| Aim of the exercise |
Everything from the line with "A pretty girl" through the last line of the records below should be copied exactly, both ends included.

| Given information |

BEGIN

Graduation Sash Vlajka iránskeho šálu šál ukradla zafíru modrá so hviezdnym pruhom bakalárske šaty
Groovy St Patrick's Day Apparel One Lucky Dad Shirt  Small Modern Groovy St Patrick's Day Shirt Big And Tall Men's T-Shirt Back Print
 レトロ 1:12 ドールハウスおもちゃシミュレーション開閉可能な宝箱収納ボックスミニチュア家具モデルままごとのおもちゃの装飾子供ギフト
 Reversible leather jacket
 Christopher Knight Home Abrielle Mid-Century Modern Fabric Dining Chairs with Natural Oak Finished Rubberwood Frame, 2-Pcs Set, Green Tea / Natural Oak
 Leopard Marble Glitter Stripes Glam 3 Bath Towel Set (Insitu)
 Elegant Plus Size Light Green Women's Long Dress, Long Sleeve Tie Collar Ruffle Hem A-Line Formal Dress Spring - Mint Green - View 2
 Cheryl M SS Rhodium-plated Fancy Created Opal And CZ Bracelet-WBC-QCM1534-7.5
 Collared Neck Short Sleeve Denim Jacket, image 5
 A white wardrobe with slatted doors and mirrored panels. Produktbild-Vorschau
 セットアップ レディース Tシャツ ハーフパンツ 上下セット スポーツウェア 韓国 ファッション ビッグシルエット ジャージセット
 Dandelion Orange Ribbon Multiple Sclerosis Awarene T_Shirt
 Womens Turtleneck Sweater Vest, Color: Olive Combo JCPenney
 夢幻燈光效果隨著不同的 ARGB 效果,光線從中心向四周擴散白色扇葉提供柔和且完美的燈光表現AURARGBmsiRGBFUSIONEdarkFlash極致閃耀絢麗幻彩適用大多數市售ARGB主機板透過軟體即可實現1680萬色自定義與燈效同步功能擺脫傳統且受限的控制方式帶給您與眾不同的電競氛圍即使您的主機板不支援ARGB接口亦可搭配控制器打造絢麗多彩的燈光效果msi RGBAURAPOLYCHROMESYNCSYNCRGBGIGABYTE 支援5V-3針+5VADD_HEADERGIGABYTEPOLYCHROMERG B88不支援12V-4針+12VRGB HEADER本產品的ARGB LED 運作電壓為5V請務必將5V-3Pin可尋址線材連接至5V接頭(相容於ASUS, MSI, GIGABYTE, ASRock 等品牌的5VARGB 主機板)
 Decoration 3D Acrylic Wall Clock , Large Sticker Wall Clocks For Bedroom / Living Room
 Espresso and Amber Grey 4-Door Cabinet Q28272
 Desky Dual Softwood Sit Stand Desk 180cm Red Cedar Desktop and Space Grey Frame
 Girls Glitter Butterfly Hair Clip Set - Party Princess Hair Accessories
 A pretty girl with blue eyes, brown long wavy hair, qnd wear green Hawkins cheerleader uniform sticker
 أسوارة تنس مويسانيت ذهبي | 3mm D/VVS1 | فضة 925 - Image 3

END

| Answer space |
 A pretty girl with blue eyes, brown long wavy hair, qnd wear green Hawkins cheerleader uniform sticker
 أسوارة تنس مويسانيت ذهبي | 3mm D/VVS1 | فضة 925 - Image 3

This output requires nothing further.